1 August 2016

Album Review: Tori Freestone – El Barranco

Tori Freestone Trio

El Barranco

    Tori Freestone, tenor sax, violin and vocals; Dave Manington, bass; Tim Giles, drums.

Whirlwind Recordings WR4689


    Freestone is rapidly carving out a career as an original voice on tenor, taking a highly personal pathway that skirts around such mutually exclusive territories as folk, free improv and the more adventurous edge of contemporary jazz as interpreted by the likes of Ivo Neame and John Turville. This album presents a further exploration of the many possibilities afforded by the chordless trio, following on from the well-received In The Chop House and featuring the same eminently simpatico players in support.
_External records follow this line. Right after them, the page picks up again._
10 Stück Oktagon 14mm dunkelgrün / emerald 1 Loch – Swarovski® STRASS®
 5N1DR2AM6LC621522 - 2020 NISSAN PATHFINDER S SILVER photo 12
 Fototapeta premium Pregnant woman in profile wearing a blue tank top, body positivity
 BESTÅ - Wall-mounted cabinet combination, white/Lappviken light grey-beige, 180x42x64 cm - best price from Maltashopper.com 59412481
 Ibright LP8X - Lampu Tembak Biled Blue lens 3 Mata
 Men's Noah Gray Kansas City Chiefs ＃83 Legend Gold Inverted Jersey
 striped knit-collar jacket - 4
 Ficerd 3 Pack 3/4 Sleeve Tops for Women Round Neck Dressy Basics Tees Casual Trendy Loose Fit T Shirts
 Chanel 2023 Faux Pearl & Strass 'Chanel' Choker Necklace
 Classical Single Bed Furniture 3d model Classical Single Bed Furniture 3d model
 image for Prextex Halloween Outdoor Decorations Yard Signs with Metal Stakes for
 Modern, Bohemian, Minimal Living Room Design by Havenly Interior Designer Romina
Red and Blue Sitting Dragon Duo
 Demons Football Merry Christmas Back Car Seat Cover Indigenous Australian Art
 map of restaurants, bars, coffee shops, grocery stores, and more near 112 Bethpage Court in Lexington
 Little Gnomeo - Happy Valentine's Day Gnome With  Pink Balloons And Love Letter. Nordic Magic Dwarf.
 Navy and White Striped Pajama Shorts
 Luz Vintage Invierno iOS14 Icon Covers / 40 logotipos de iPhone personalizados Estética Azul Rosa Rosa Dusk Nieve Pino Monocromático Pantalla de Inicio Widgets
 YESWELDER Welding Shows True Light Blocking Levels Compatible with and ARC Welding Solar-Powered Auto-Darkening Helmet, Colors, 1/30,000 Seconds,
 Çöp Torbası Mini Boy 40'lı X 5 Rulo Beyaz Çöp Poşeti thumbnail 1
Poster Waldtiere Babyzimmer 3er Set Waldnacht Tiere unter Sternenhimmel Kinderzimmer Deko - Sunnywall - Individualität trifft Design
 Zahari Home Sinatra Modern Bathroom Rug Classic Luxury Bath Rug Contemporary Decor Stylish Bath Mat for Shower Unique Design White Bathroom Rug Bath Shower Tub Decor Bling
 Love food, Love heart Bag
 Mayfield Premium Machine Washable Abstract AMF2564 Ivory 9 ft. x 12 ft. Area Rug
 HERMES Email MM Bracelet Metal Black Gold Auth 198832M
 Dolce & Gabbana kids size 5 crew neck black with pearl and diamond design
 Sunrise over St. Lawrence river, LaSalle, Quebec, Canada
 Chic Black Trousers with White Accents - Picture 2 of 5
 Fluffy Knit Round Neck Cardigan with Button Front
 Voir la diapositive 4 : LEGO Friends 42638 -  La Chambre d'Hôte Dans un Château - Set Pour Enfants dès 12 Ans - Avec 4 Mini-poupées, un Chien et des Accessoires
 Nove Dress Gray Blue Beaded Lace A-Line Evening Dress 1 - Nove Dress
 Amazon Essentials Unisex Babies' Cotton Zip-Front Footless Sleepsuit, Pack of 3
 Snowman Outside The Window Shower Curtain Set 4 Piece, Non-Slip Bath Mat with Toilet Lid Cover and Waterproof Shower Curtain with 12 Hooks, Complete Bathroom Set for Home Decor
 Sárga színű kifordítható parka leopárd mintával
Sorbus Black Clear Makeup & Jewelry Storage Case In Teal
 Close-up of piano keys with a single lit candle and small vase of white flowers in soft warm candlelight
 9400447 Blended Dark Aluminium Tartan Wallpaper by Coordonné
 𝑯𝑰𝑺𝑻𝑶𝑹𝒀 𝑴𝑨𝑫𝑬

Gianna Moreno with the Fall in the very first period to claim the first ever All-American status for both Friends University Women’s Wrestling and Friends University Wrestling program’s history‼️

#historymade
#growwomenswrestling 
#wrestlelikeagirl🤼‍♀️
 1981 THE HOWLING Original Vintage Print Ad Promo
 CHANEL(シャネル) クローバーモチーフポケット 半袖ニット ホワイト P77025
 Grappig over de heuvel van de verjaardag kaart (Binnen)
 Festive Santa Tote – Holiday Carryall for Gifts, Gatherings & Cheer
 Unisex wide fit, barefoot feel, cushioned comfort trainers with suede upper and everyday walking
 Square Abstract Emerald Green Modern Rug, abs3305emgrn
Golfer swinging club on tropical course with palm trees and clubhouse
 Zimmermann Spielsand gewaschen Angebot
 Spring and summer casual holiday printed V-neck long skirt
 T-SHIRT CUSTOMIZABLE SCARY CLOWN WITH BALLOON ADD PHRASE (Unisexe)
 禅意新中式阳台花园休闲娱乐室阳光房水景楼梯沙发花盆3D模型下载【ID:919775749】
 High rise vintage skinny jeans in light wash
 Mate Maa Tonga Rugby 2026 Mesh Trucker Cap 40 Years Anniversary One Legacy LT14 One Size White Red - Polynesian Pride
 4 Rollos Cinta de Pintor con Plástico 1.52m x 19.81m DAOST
The title track is a swinging piece of free-bop, introduced by Manington’s immaculately poised bass, and showcasing Freestone’s full tone, perfect rhythmic command and effortless flow of melodic ideas; there’s a  cool, humourous feel that recalls other exploratory tenor trio recordings by Dewey Redman and (of course) Sonny Rollins. The Press Gang is a rambling rubato that builds to a plaintive climax – Identity Protection starts as a series of a powerful riffs before deconstructing into a three-way free-form dialogue, with Tim Giles demonstrating his chops and sensitivity. The trio’s handling of Arthur Altman’s All Or Nothing At All (originally dramatised by Sinatra, of course) pulls at the structure with some tricky metric shifts and provides one of the strongest examples of their joint vision, with Manington’s bass strong, sure and melodic throughout. His own composition Challenger Deep inspires Freestone into a particularly intense, powerful statement in the lower register, with a keening edge that surely derives from her interest in folk forms, before ending with an impressive protracted through-composed unison part.

    This music is finely pitched between the accessible and the challenging, as the instinctive empathy between the players allows them to veer in and out of groove and harmony at will. There’s a certain dryness to the tenor-plus-rhythm format which is counteracted by Freestone’s rich tone, and by the unpredictability of the writing  – you can never be exactly sure where any of the tracks are going to take you, and the sense of being led on a journey is one of the most enjoyable aspects of the record. The biggest surprise is saved for the end – Freestone takes to the fiddle and sings sing a traditional folk lament, taking us from jazz club to Napoleonic-era harbourside, awaiting the press gang. The live show should be riveting.